When you compare AMD and Intel, its actually Intel making huge mistakes, the amount of truly crap Atom's they've made, and Itanium, the R&D costs alone for those two projects likely dwarf AMD's R&D budget for the past decade.
AMD's biggest problem is a world of increasingly difficult to make, increasingly expensive processes, IE it used to cost say half a billion to bring in 90nm, a billion for 65nm, 2 billion for 45nm, 4 billion for 32nm, 6 billion, etc, etc. While the AMD never had the cash or volume to compete. 4billion on a process you can put in 5 different fabs that can supply 90% of the market for Intel, 4billion for AMD to put in 1(2 fabs depending on what you call them) for 15-20% of the market tops... and then having such a massively smaller R&D budget that the chance of having better CPU's is none, only when Intel screw up massively is it possible. Unless AMD could charge 2-3x what Intel could, there was no way the ever increasing process/shrinking costs would work out on the volume AMD produced.
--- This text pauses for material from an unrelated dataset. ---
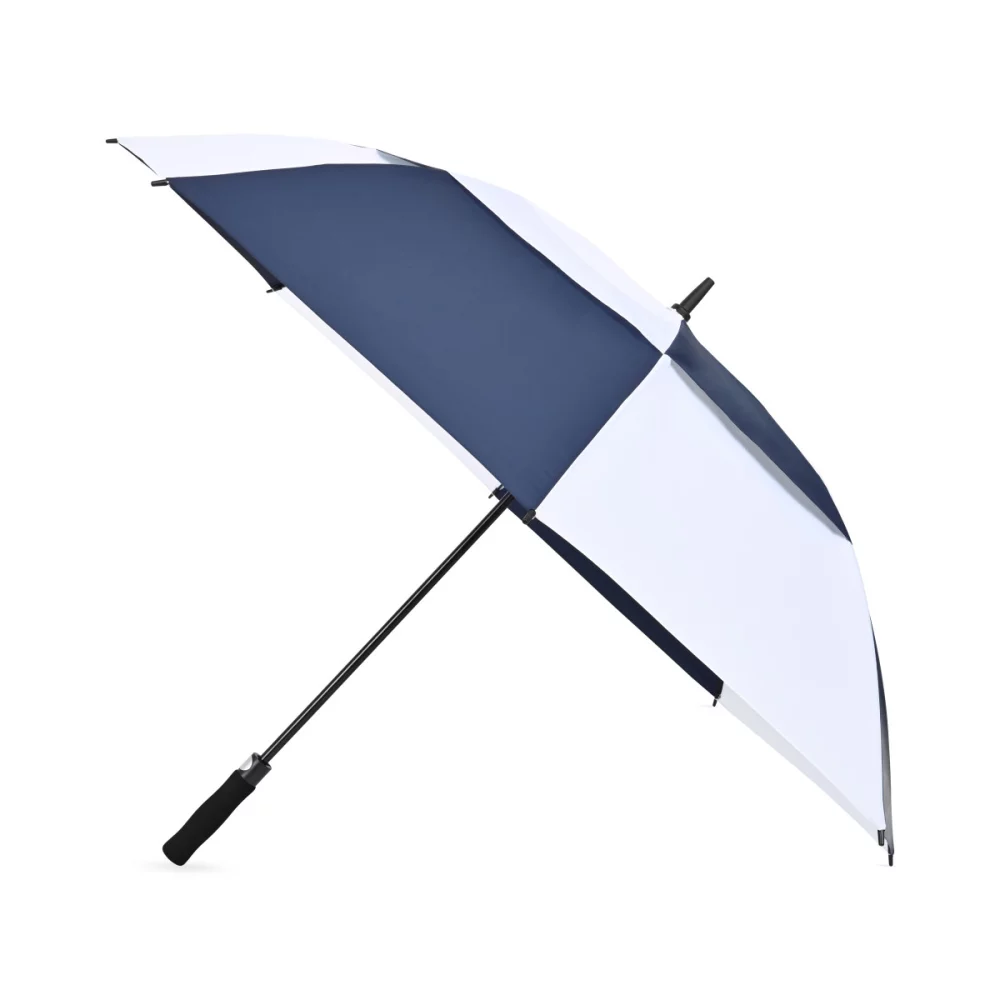 Parapluie de golf double auvent ouvert automatique recyclé Elements 60" - Marine-Blanc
Likewise with margins shrinking on chips, expanding to new markets is the way the best sillicon companies will survive, but Intel are having next to no impact with Atom because, it sucks, and costs a crapload... AMD have the same challenge but 1/50th of the R&D budget and 1/100000th of the cash on hand to push into the market, buying contracts, marketing, everything else that can push a product from loss to profit.
People see the ATi aquisition as overpriced, because the value plumetted, but first no one else saw the market crash and second, at 1billion 3 years later, with banks/financing not remotely possible AMD couldn't have afforded 1billion after the market crashed, without ATi and graphics, AMD could quite easily be completely dead by now.
AMD have made mistakes, but most of what has happened to them has simply been the situation, when AMD were the best, Intel were using decades of profits to pay people not to buy their chips, had that not happened, AMD made killer profits for a couple years and invested that in another fab and massively increasing their volume, everything COULD be different, at worst they would have gotten a far far better deal when they sold off the fabs.
Intel makes mistakes that financially make AMD look like a ridiculously well run company in comparison, their overall size and the ability to eat those losses are the difference between the companies. Intel can make a 3billion screw up, and a CEO gets fired and the board get slightly less big bonuses that year, AMD make a 300million screw up and the company balances on the edge of collapse.
Where AMD go from here, who knows, Microsoft, Intel, AMD, the x86 trio all really need to come up with a "new" format to compete with ARM, so much legacy crap, so much overhead and waste that ARM doesn't have(but will in a decade or two). If Intel/AMD remove the bloat by making a new instruction set and moving on, gaining power efficiency they might make a real fight of tablets/ultra portables and even phones. With x86 there is no chance they can take make any inroads in those markets.
MS need a OS from scratch, or Intel/AMD and Nvidia need to jump on the linux bandwagon, get game dev's to completely ditch Direct X and move to a streamlined OS again without the terrible bloat.